Is your benchmark truly adversarial? AdvScore: Evaluating Human-Grounded Adversarialness
Yoo Yeon Sung, Maharshi Gor, Eve Fleisig, Ishani Mondal, Jordan Lee Boyd-Graber
TL;DR
AdvScore introduces a human-grounded, IR-based metric to quantify adversarialness and discriminability in NLP benchmarks, addressing the mismatch between human and model performance as models evolve. Built on 2PL-IRT, AdvScore computes a margin capturing human–model gaps, discounts ambiguity, and uses Fisher information to quantify discriminability, yielding a dataset-level score that reflects both adversarialness and informativeness. The authors demonstrate AdvScore on AdvQA, a new crowd- and HITL-driven QA dataset, showing AdvQA maintains stronger adversarial signals over time than baselines and that AdvScore provides a more nuanced assessment than QSR alone. The AdvQA creation pipeline combines adversarial writing, real-time model feedback, and rigorous human evaluation to produce high-quality, realistic adversarial questions useful for robust model evaluation and future dataset design.
Abstract
Adversarial datasets should validate AI robustness by providing samples on which humans perform well, but models do not. However, as models evolve, datasets can become obsolete. Measuring whether a dataset remains adversarial is hindered by the lack of a standardized metric for measuring adversarialness. We propose AdvScore, a human-grounded evaluation metric that assesses a dataset's adversarialness by capturing models' and humans' varying abilities while also identifying poor examples.
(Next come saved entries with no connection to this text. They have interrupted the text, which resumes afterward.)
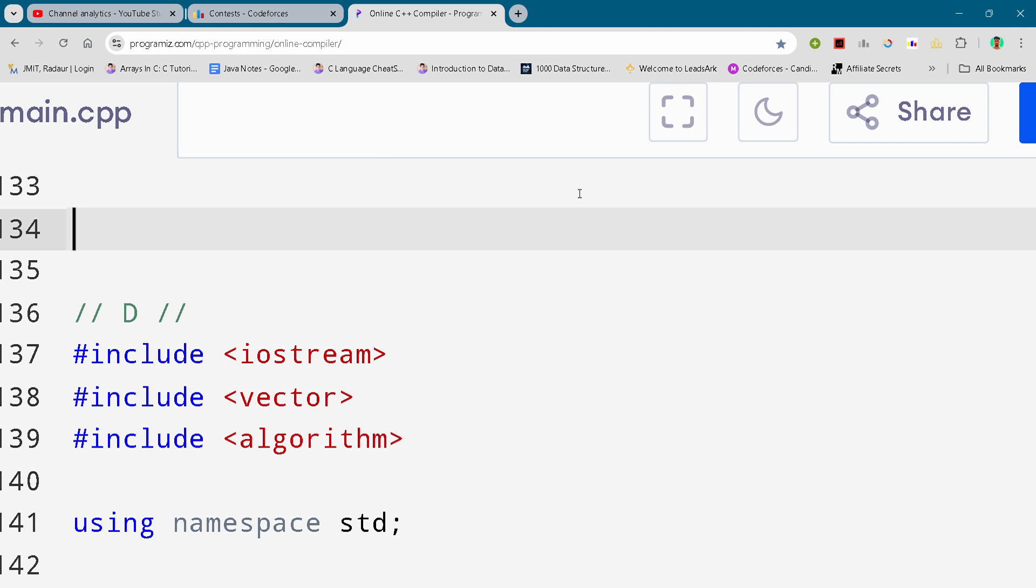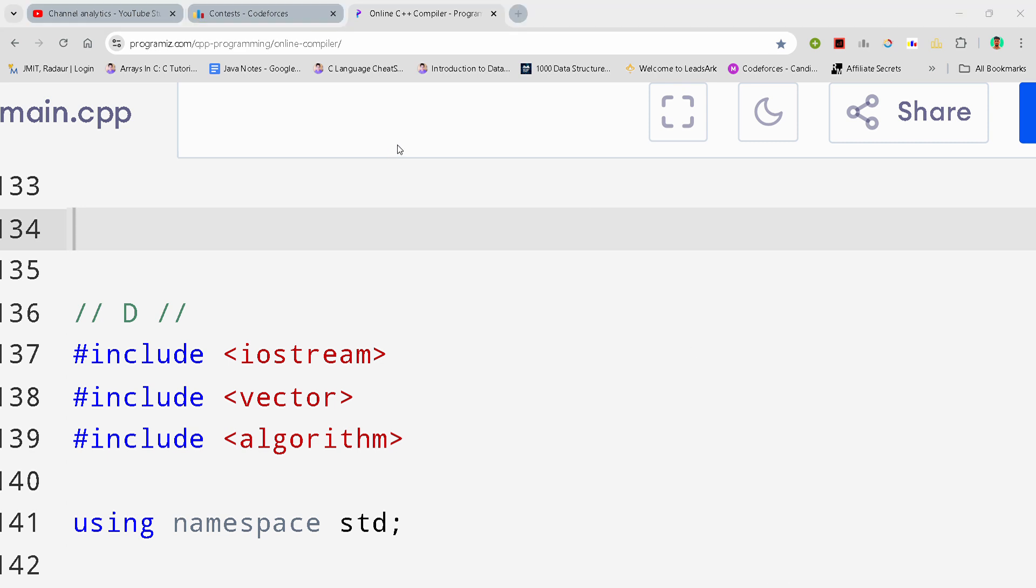Hey guys, I'm back with another Codeforces Division 2 round. In this video, I will be giving you the solution for problem number D.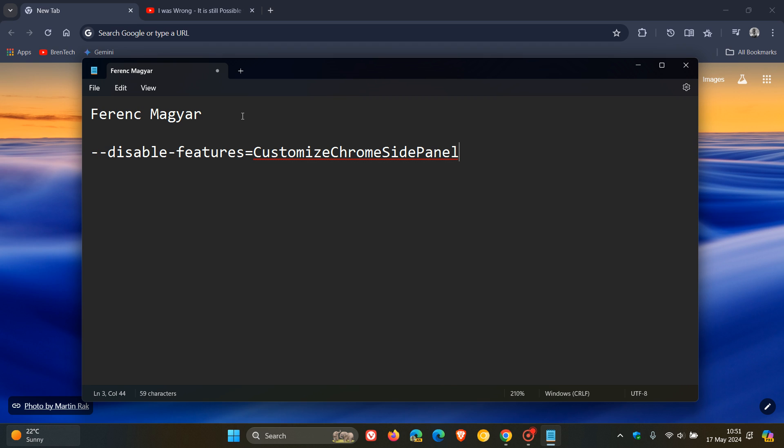And this viewer said that if you use this command line flag, it is still possible to disable Chrome's UI refresh 2023 design and visual layout changes. And I'm always grateful for constructive feedback on the channel, so thank you.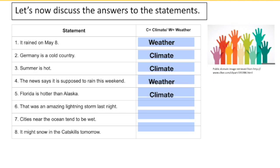Number six: that was an amazing thunderstorm last night. Here we have a couple of clues. First, it says storm, which is a discrete weather event. And it says last night — this is not a long-term event, this is something temporary. That makes this weather.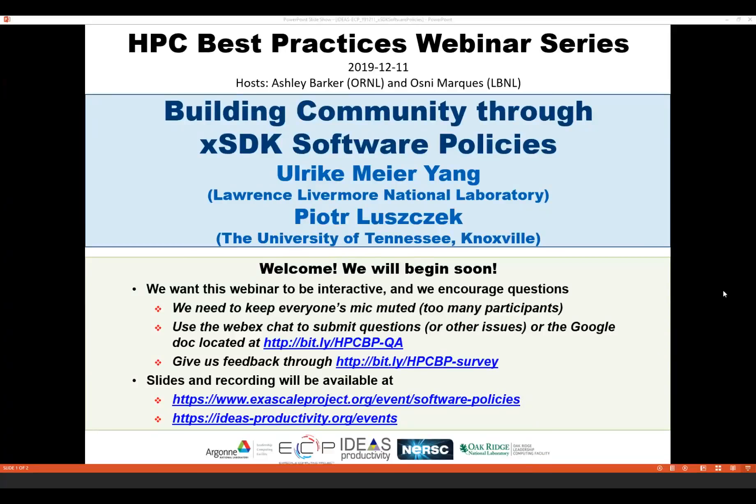Welcome everybody to the HPC Best Practices webinar series. This series is brought to you by the IDEAS Productivity Project, with funds from the Exascale Computing Project. The series is also a collaboration between the various Argonne, Oak Ridge, and Lawrence Berkeley National Laboratories.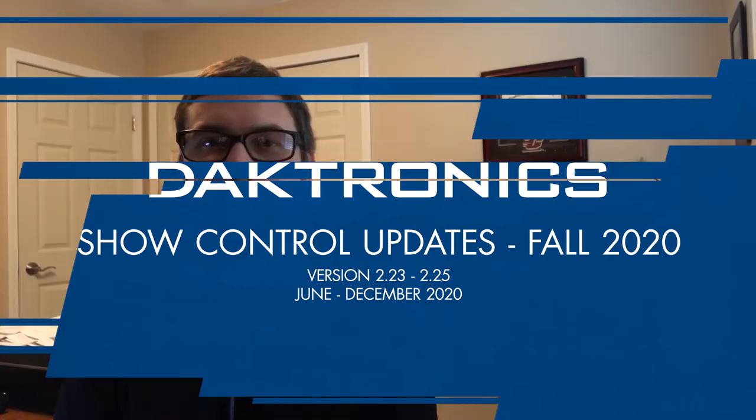Welcome to our update video for Display Studio for fall of 2020. This video will take a look at Display Studio versions 2.23 through 2.25, released between June and December of 2020. Let's take a look.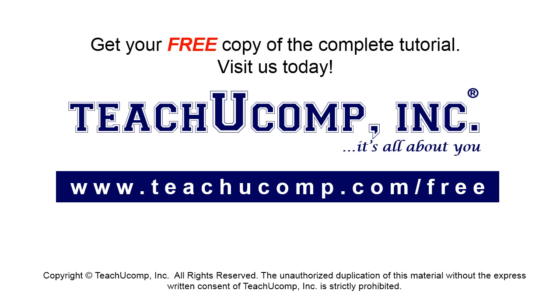Get your free copy of the complete tutorial at www.teachucomp.com/free.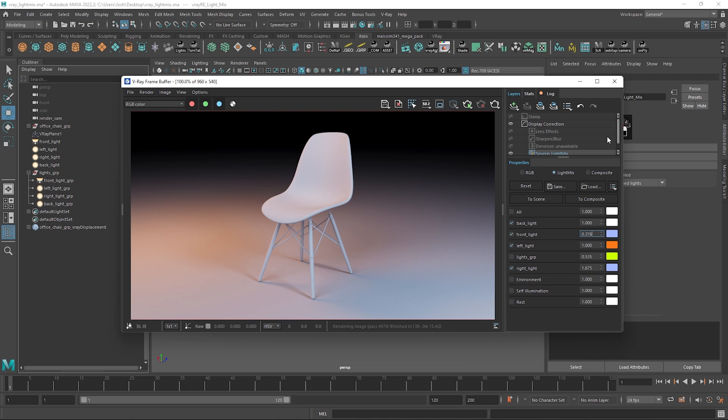I also recommend rendering all your lights white which just makes them easier to adjust in LightMix as we can make more accurate adjustments to the color without having to counter the color already baked rendered into the lights.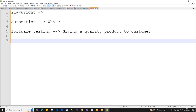For example, in Release 1 (R1), the customer wants features developed — like viewing account summaries in a banking app. You follow the SDLC process, test all R1 features, and then release. After that, R2 comes with additional features like account transfer.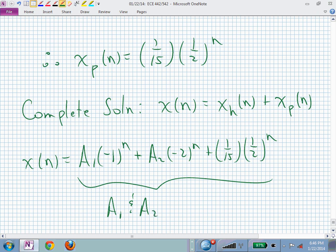The complete solution is x(n) = x_h(n) + x_p(n) = a₁(−1)ⁿ + a₂(−2)ⁿ + (1/15)(½)ⁿ. The unknowns a₁ and a₂ are solved using initial conditions. Similar to how you solve differential equations, you can now solve linear difference equations. We'll pick up after that on Monday. Don't forget: passport due tomorrow and homework one due a week from tomorrow.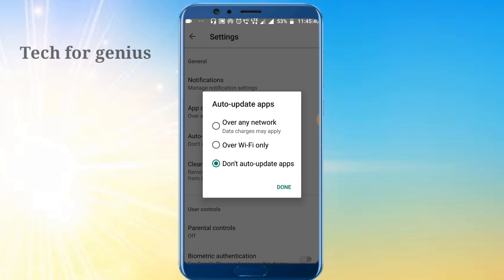Now you can click on 'Over any network' or whatever option you prefer. Now you can start auto-update according to your preference — this helps manage background processing on your mobile.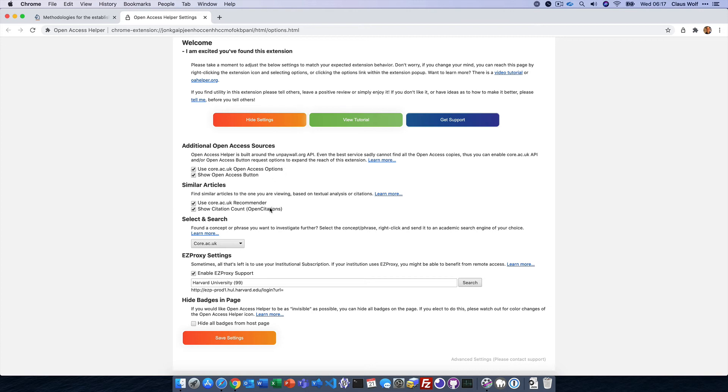You can choose whether or not you'd like to see the similar articles from Core Recommender and the Times Cited Count, the easy proxy support, or if you'd prefer to hide all the badges on the page. It's really up to you.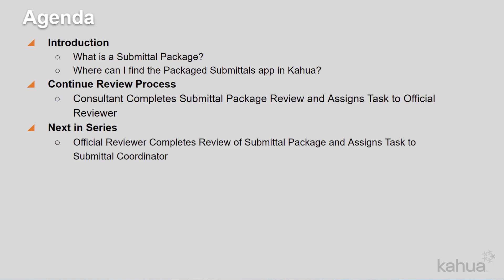In this video, we will show you how the consultants may review and add comments to submittal items within a package.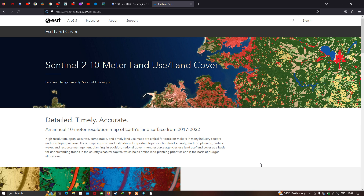Hi, hello everyone, welcome to the channel. Today I will show you how to download the ESRI land use land cover data of 10 meter resolution using Google Earth Engine. Let me explain about this ESRI land cover data of 10 meter resolution.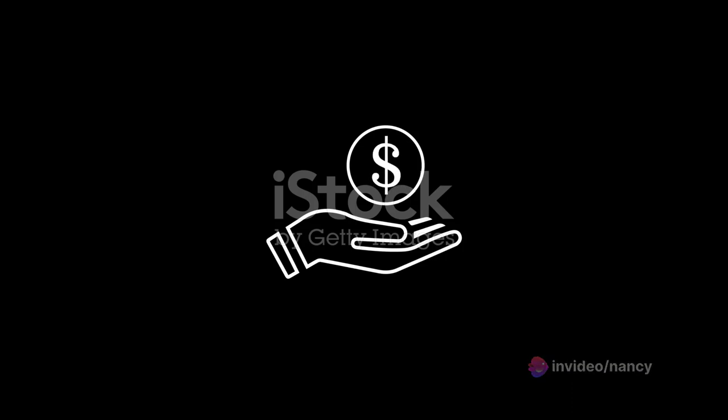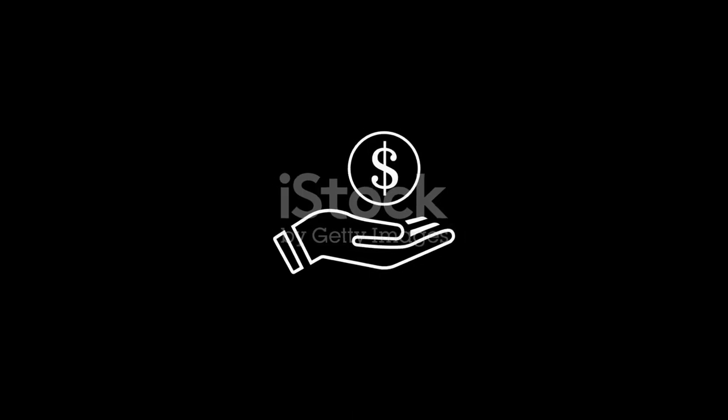Financial goal setting is a personal process and it's essential to consider your unique financial situation, aspirations, and timeline.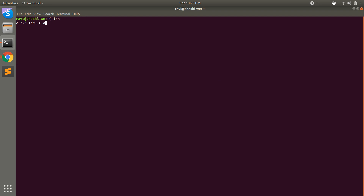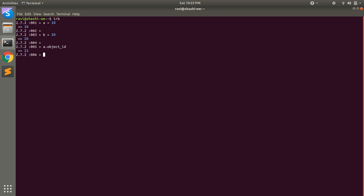For example, I have declared a equal to 10 and b equal to 20. Now, how can we get the memory location of these variables a and b? By invoking a method called object_id — so a.object_id gives us 21, and b.object_id gives us 41. So a is stored at memory address 21 and memory address of variable b is 41.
We then use AdvScore to motivate a new dataset creation pipeline for realistic and high-quality adversarial samples, enabling us to collect an adversarial question answering (QA) dataset, AdvQA. We apply AdvScore using 9,347 human responses and ten language models' predictions to track model improvement over five years, from 2020 to 2024. AdvScore thus provides guidance for achieving robustness comparable with human capabilities. Furthermore, it helps determine to what extent adversarial datasets continue to pose challenges, ensuring that, rather than reflecting outdated or overly artificial difficulties, they effectively test model capabilities.